Especificamente em 1985, eles estavam em uma encruzilhada. O álbum Televisão, lançado em junho daquele ano, ficou aquém das expectativas criativas dos integrantes e comerciais da gravadora. Em novembro, o vocalista Arnaldo Antunes e o guitarrista Tony Bellotto foram presos por porte de heroína — um dos casos mais infames da época.
Artisticamente, os integrantes tinham gostos que puxavam para direções diferentes. Sons mais pesados e influências de punk, funk e reggae pareciam despertar maior interesse do que o pop tradicional. Fora a abordagem mais primitivista na hora de escrever letras.
Seja pela música “Cabeça Dinossauro”, composta de brincadeira no ônibus de turnê da banda em cima de um ritmo tribal Xingu, ou faixas como “Bichos Escrotos” e “AA UU”, as composições do período apontavam para uma vontade de expressar suas frustrações de jeito universal. Nada intelectual, só visceral.
Quando queriam falar de algo um pouco mais concreto, a mensagem ainda era bem simples.

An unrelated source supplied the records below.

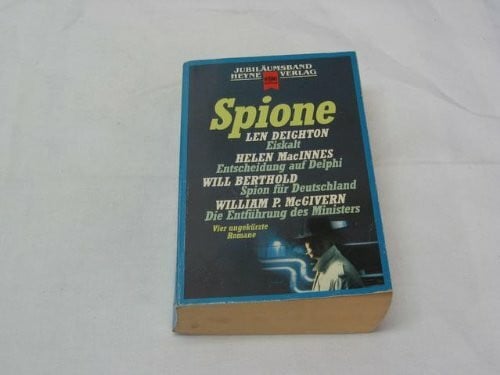 Deighton, Len, Ian Fleming und Helen MacInnes: Spione. Fünf ungekürzte Romane.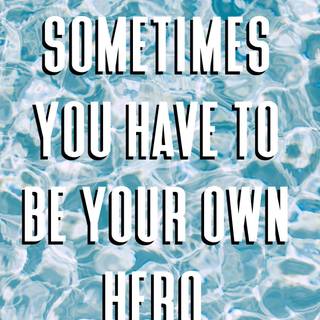 Be your own Hero wallpaper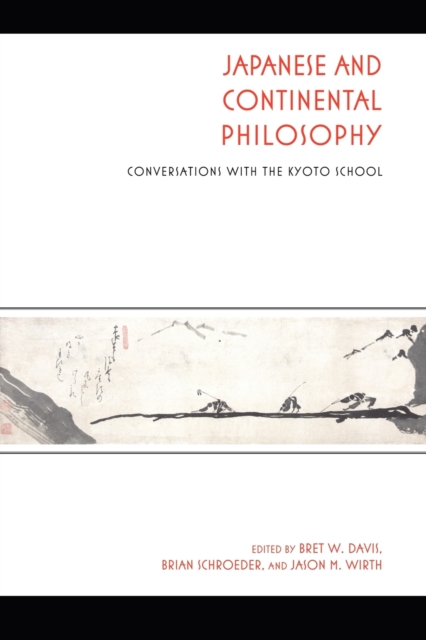 Japanese and Continental Philosophy Conversations with the Kyoto School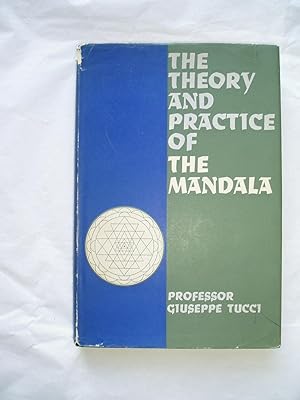 Seller image for The Theory and Practice of the Mandala : With Special Reference to the Modern Psychology of the Subconscious for sale by Expatriate Bookshop of Denmark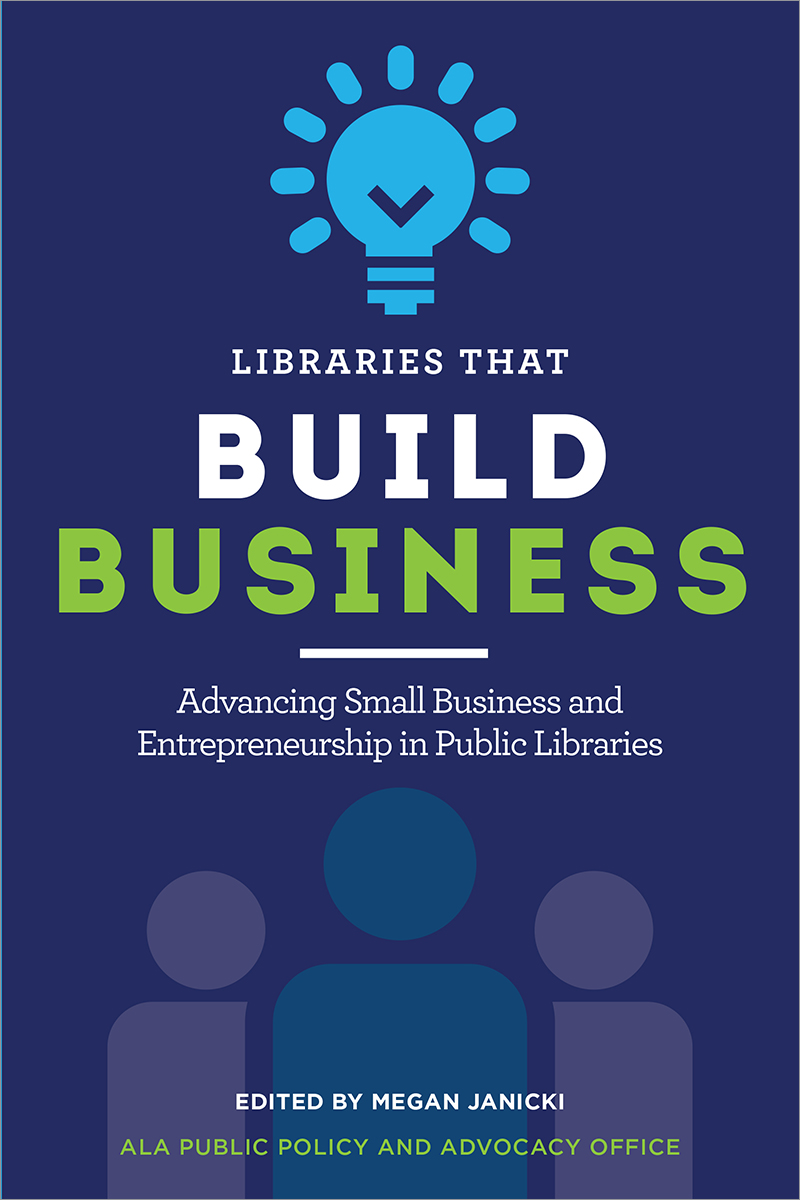 book cover for Libraries that Build Business: Advancing Small Business and Entrepreneurship in Public Libraries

Nando Reis esbravejou contra a religião organizada em “Igreja” e a família tradicional na faixa “Família”. Tony Bellotto destilou a experiência de sua prisão e a raiva contra as autoridades na canção “Polícia”, enquanto Charles Gavin ofereceu seu ponto de vista sobre a mesma situação na letra de “Estado Violência”.
Todo esse material também se direcionava para um novo momento no Brasil. A política de censura prévia aplicada pelo governo federal desde 1964 diminuiu drasticamente desde a saída dos militares do poder em 1985.
Estrelas da música estavam testando, aos poucos, os limites das novas autoridades. Já o Titãs simplesmente chutou o balde.
“Bichos Escrotos” foi composta em 1982 e tinha uma letra cheia de palavrões, por isso não era permitida ser gravada pela censura. Agora que militares não estavam mais no poder, a banda aproveitou a deixa. Devido ao linguajar, a canção continuou proibida de tocar no rádio, mas a demanda de ouvintes era tamanha a ponto das emissoras decidirem arcar com as multas em troca da audiência.
Isso em si ilustra o poder de Cabeça Dinossauro (1986). A instrumentação era hostil e as letras abraçavam posições polêmicas na sociedade brasileira, mas algo era indiscutível: soava extremamente pop. Uma sensibilidade compartilhada por todos os integrantes do Titãs era a capacidade de criar uma melodia grudenta. Não à toa, composições desse disco ganharam versões por nomes que vão de Sepultura a Molejo.
Era o primeiro passo de um período de extremo sucesso para o Titãs. A tensão entre pop e experimental sempre se mostrou fundamental ao sucesso criativo deles. Quatro décadas depois, o público ainda enche arenas e estádios para ouvir essas canções — como o fará em 2026, na turnê que celebra o aniversário do disco.